Ben anne değilim; duygularınızı yürekten paylaşamam nitekim.. Fakat kız çocukları aileye daha bağlı olur bunun bilincindeyim.. Ben de engelli bir bireyim; yerinizde olsam sizin gibi bir düşünce hakim olurdu kuşkusuz belleğime.. Lakin şu da bir gerçekki bazı şeyleri idrak etmeye başladıkça çocuklar sevdiklerini üzmememek için daha az soru soruyorlar merak ettikleri o konular hakkında ve eminim ki sizin onu dünyaya getirirken çektiğiniz sıkıntıları anlayacak yaşa geldiğinde verdiğiniz savaşta her türlü desteğini verecektir..
Ona yaşamı anlaması ve hayatı idrak etmesi için biraz şans verin bence...
 
hayır zgor:) o yaşlarda bir çocuğun annesinden utanması mümkün değil.

yani engeliniz nedir bilmiyorum. engeliniz ne olursa olsun o yaşlarda bir çocuk bunu dikkate bile almaz.

öyle dediyse bi sebebi vardır. başka bir sebebi.
belki sizi o an yorgun görmüştür. sizin götürmeyeceğinizden endişe etmiş olabilir. halasıyla gitmek istediğini soyleyerek parkı garantiye almak istemiştir.

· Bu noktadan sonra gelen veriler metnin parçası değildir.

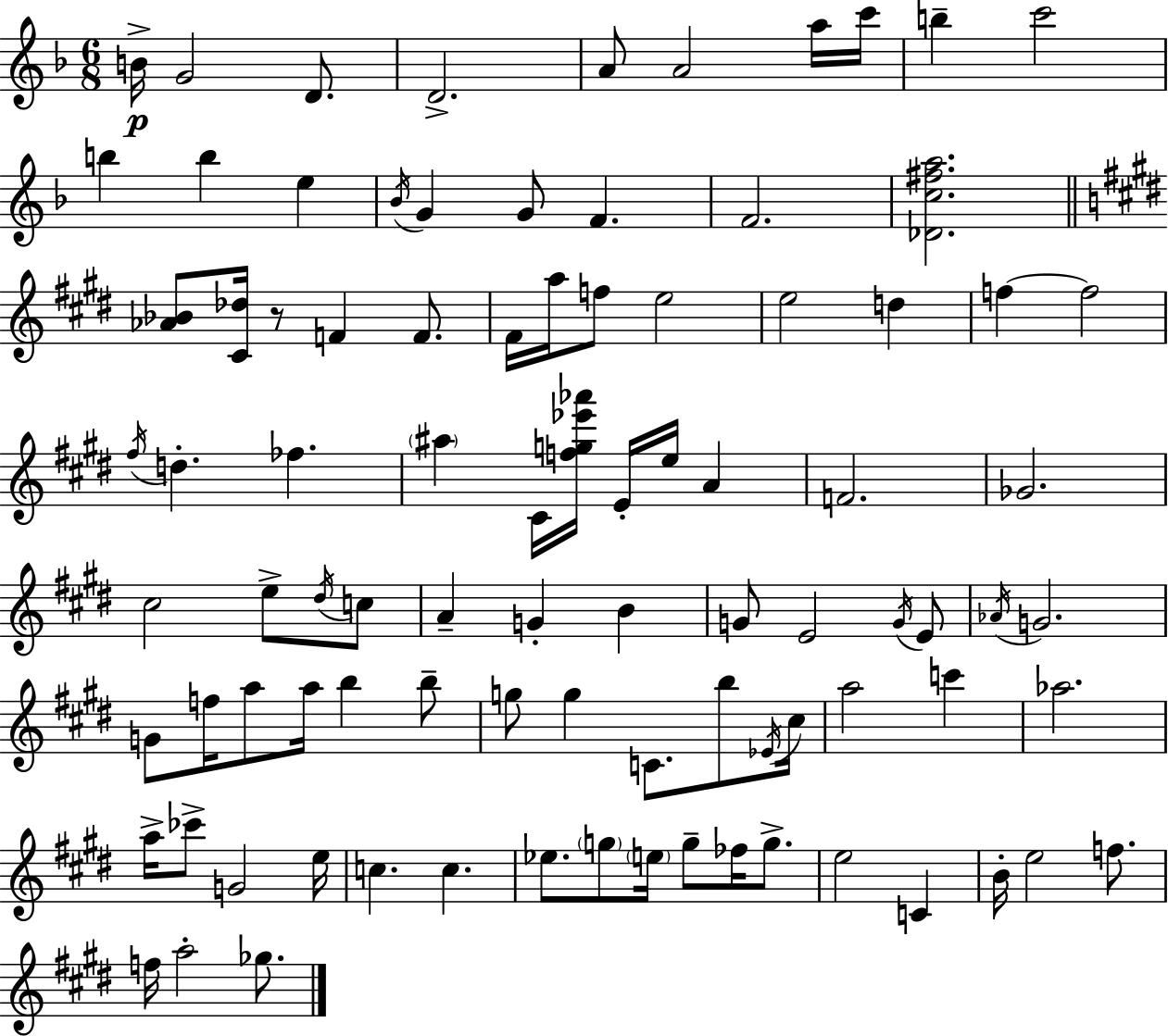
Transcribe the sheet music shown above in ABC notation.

X:1
T:Untitled
M:6/8
L:1/4
K:F
B/4 G2 D/2 D2 A/2 A2 a/4 c'/4 b c'2 b b e _B/4 G G/2 F F2 [_Dc^fa]2 [_A_B]/2 [^C_d]/4 z/2 F F/2 ^F/4 a/4 f/2 e2 e2 d f f2 ^f/4 d _f ^a ^C/4 [fg_e'_a']/4 E/4 e/4 A F2 _G2 ^c2 e/2 ^d/4 c/2 A G B G/2 E2 G/4 E/2 _A/4 G2 G/2 f/4 a/2 a/4 b b/2 g/2 g C/2 b/2 _E/4 ^c/4 a2 c' _a2 a/4 _c'/2 G2 e/4 c c _e/2 g/2 e/4 g/2 _f/4 g/2 e2 C B/4 e2 f/2 f/4 a2 _g/2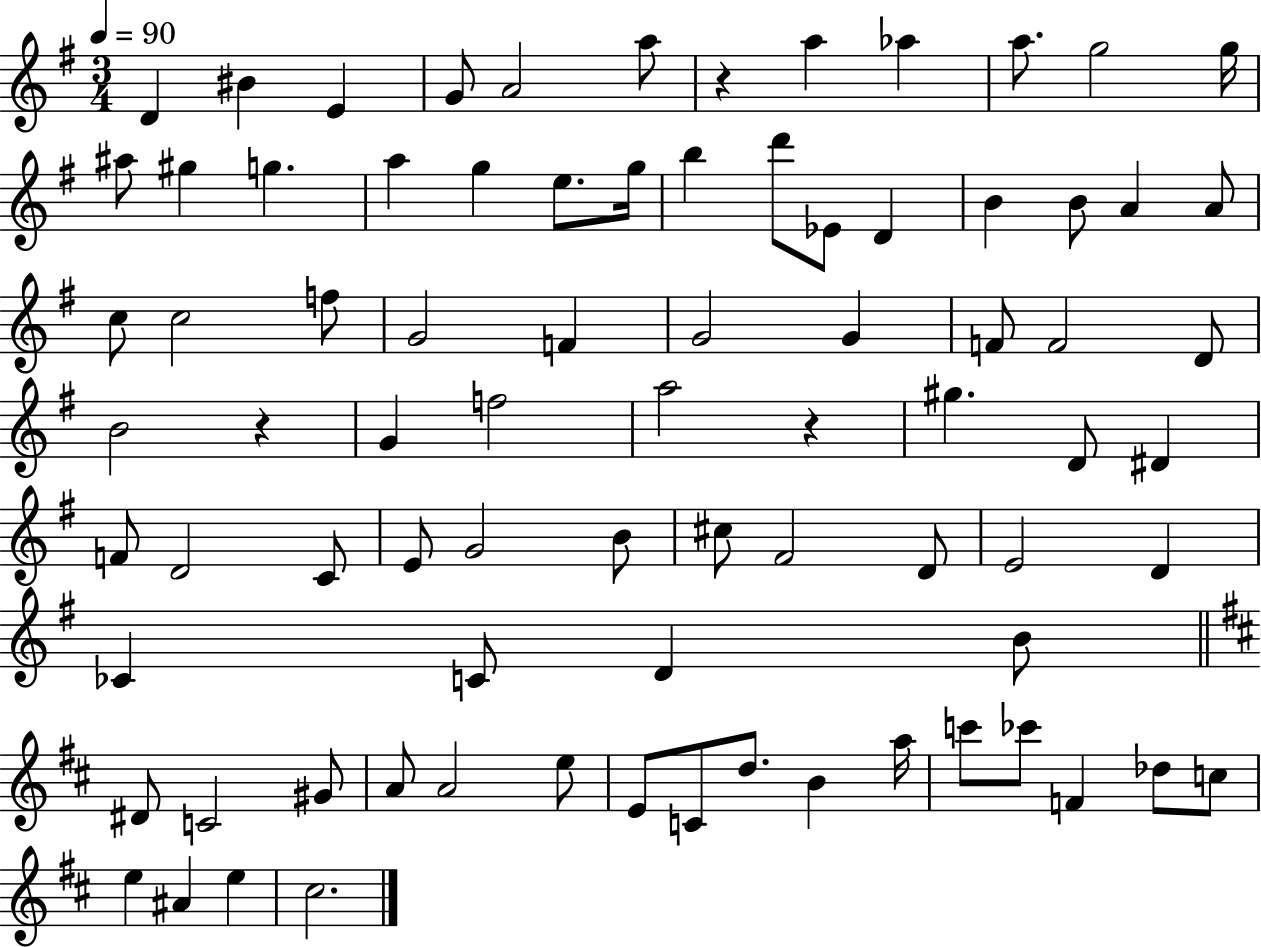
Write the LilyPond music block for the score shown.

{
  \clef treble
  \numericTimeSignature
  \time 3/4
  \key g \major
  \tempo 4 = 90
  d'4 bis'4 e'4 | g'8 a'2 a''8 | r4 a''4 aes''4 | a''8. g''2 g''16 | \break ais''8 gis''4 g''4. | a''4 g''4 e''8. g''16 | b''4 d'''8 ees'8 d'4 | b'4 b'8 a'4 a'8 | \break c''8 c''2 f''8 | g'2 f'4 | g'2 g'4 | f'8 f'2 d'8 | \break b'2 r4 | g'4 f''2 | a''2 r4 | gis''4. d'8 dis'4 | \break f'8 d'2 c'8 | e'8 g'2 b'8 | cis''8 fis'2 d'8 | e'2 d'4 | \break ces'4 c'8 d'4 b'8 | \bar "||" \break \key d \major dis'8 c'2 gis'8 | a'8 a'2 e''8 | e'8 c'8 d''8. b'4 a''16 | c'''8 ces'''8 f'4 des''8 c''8 | \break e''4 ais'4 e''4 | cis''2. | \bar "|."
}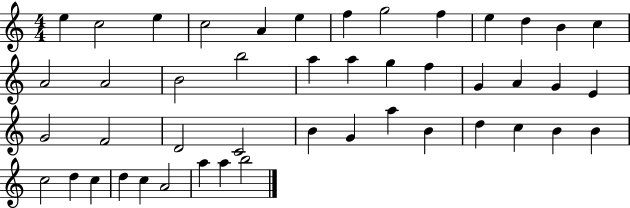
{
  \clef treble
  \numericTimeSignature
  \time 4/4
  \key c \major
  e''4 c''2 e''4 | c''2 a'4 e''4 | f''4 g''2 f''4 | e''4 d''4 b'4 c''4 | \break a'2 a'2 | b'2 b''2 | a''4 a''4 g''4 f''4 | g'4 a'4 g'4 e'4 | \break g'2 f'2 | d'2 c'2 | b'4 g'4 a''4 b'4 | d''4 c''4 b'4 b'4 | \break c''2 d''4 c''4 | d''4 c''4 a'2 | a''4 a''4 b''2 | \bar "|."
}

belki de o sırada size kızmış da olabilir.
halayla olan durumunuz da bu konuda onun boyle davranmasına sebeb olabilir. eger halasıyla arası iyi ve o sizin yapamadıklarınızı yapıyor ve bebeginizle ilgileniyorsa... ve siz de onunla kendinizi kıyaslıyor uzuluyorsanız. ufaklık bunu farketmiş olabilir. ona kızdıgınızı.
bunu kabullenmeyerek tepki gosterebilir. çünkü sosyalleşme süreci de bu yaşlarda başlamak üzerededir. ilk deneyimlerini yaşarlar bu yaşlarda. "ben" duyguları artık gelişmiştir. bu şekilde kendini ispat etmek de isteyebilir. "ben onla giderim sen kal" mesajı benliğini ifade için olabilir yani:)
bunu benim kızım da yapardı o yaşlarda. halasına çok düşkündü. ve o gelince beni unuturdu resmen. ben alınırdım buna. tabi bu yaşta kendini ispat edecek ya:)

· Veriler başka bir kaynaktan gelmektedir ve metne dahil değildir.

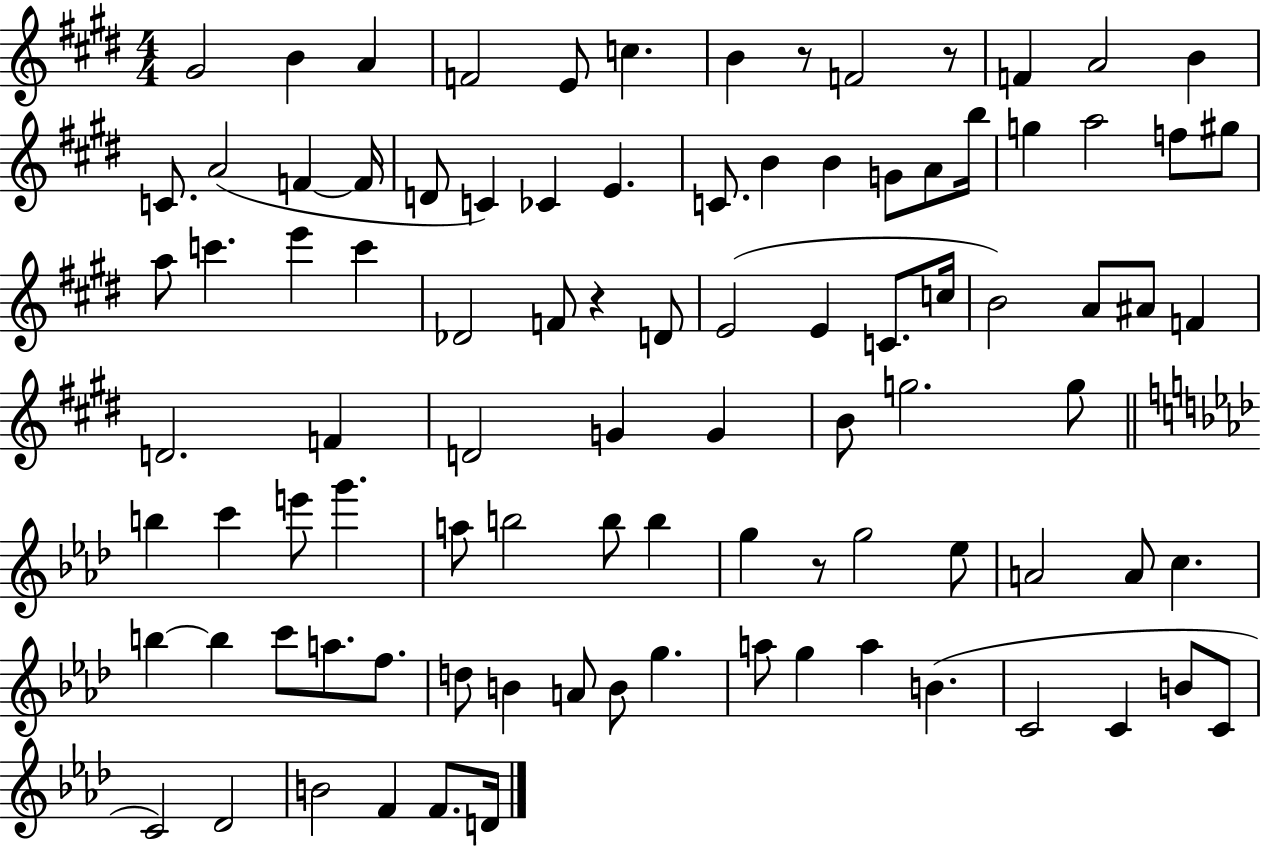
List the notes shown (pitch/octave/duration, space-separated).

G#4/h B4/q A4/q F4/h E4/e C5/q. B4/q R/e F4/h R/e F4/q A4/h B4/q C4/e. A4/h F4/q F4/s D4/e C4/q CES4/q E4/q. C4/e. B4/q B4/q G4/e A4/e B5/s G5/q A5/h F5/e G#5/e A5/e C6/q. E6/q C6/q Db4/h F4/e R/q D4/e E4/h E4/q C4/e. C5/s B4/h A4/e A#4/e F4/q D4/h. F4/q D4/h G4/q G4/q B4/e G5/h. G5/e B5/q C6/q E6/e G6/q. A5/e B5/h B5/e B5/q G5/q R/e G5/h Eb5/e A4/h A4/e C5/q. B5/q B5/q C6/e A5/e. F5/e. D5/e B4/q A4/e B4/e G5/q. A5/e G5/q A5/q B4/q. C4/h C4/q B4/e C4/e C4/h Db4/h B4/h F4/q F4/e. D4/s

ellerimi tutma! ben yururum! mesajları da boyledir. yalnız başına keşfe çıkacaklar guya:)

dedim ya:)
bilemiyorum benimkisi hep tahmin.
ama bunların hiçbirisinin annesinin engeline takmasıyla alakası yoktur!

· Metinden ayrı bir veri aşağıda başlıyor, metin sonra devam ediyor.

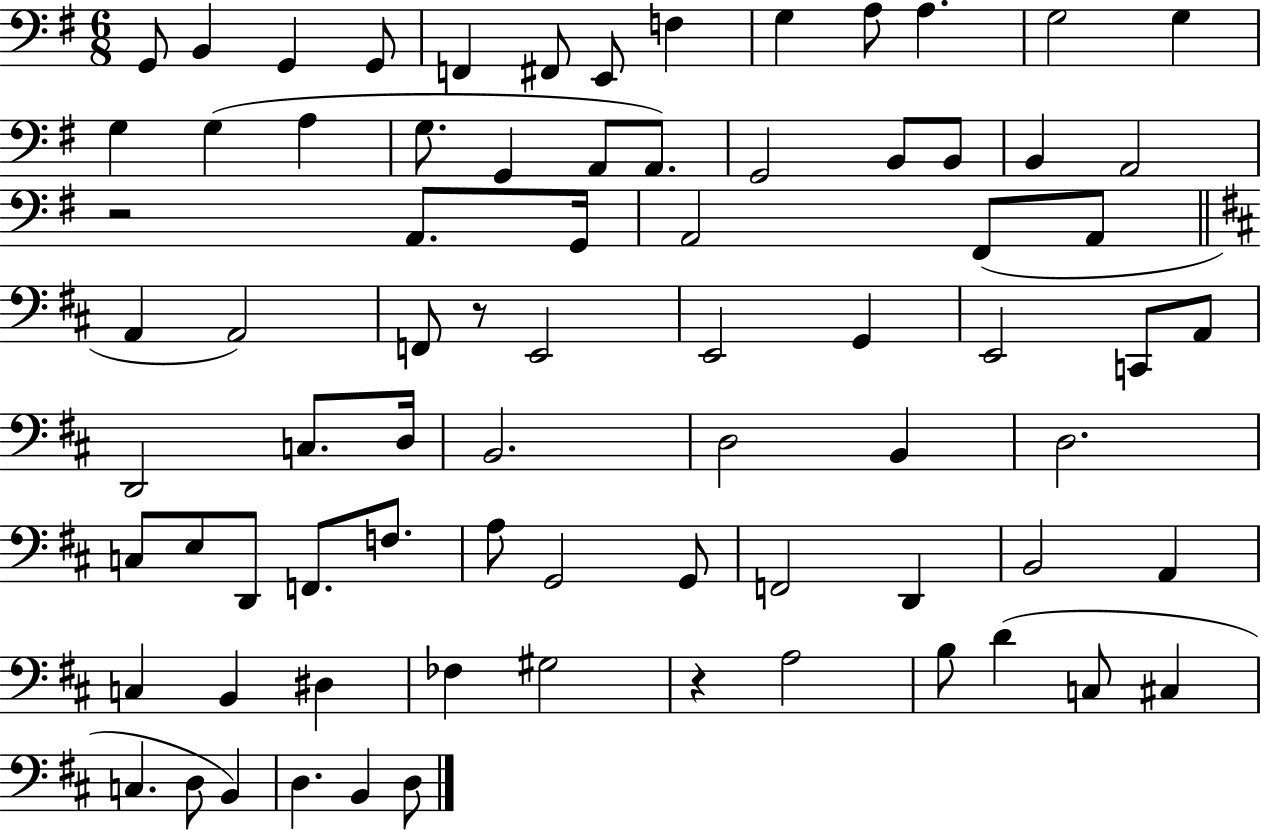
G2/e B2/q G2/q G2/e F2/q F#2/e E2/e F3/q G3/q A3/e A3/q. G3/h G3/q G3/q G3/q A3/q G3/e. G2/q A2/e A2/e. G2/h B2/e B2/e B2/q A2/h R/h A2/e. G2/s A2/h F#2/e A2/e A2/q A2/h F2/e R/e E2/h E2/h G2/q E2/h C2/e A2/e D2/h C3/e. D3/s B2/h. D3/h B2/q D3/h. C3/e E3/e D2/e F2/e. F3/e. A3/e G2/h G2/e F2/h D2/q B2/h A2/q C3/q B2/q D#3/q FES3/q G#3/h R/q A3/h B3/e D4/q C3/e C#3/q C3/q. D3/e B2/q D3/q. B2/q D3/e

onlar o yaşta şekle bakmazlar. sadece keşfetmeye çalışırlar. verilen tepkilere gore anlamaya çalışırlar.

işin özü bunu onla konuş:)
sor çocuguna:) beni parka giderken neden istemedin?
cevabı şaşırtacak eminim seni:)

ben de merak ettim bu arada:)
bakalım kafasında neler esmiş:)
 
Ya çocuk bu....

Ama sana en basitinden çocukların değerlendirdiği bir kriteri vereyim çünkü benim kızımda yapar :)

Benimle parka gittiğinde ben çabuk sıkıldığımdan hadi kızım gidelim derim, halbuki anneannesiyle gittiğinde kızım ne zaman gidelim derse geliyorlar.

Şimdi bu durumda 4 yaşında da olsa bu kız kimle gitmek ister sence :D

Sen boşuna üzülüyorsun, şimdiki çocuklar bir harika,

Bazı şeylere bizlerden daha dikkatli ve düşkünler,

Kızkardeşim ilkokula gittiğinde bana hademeye hademe, çöpçüye çöpçü dedirtmezdi. Ne denirmiş, hademeye okul görevlisi, çöpçüye de temizlik görevlisi. Düşün artık ilkokula giden çocuk insanların gururunu kırmamaya çalışıyor.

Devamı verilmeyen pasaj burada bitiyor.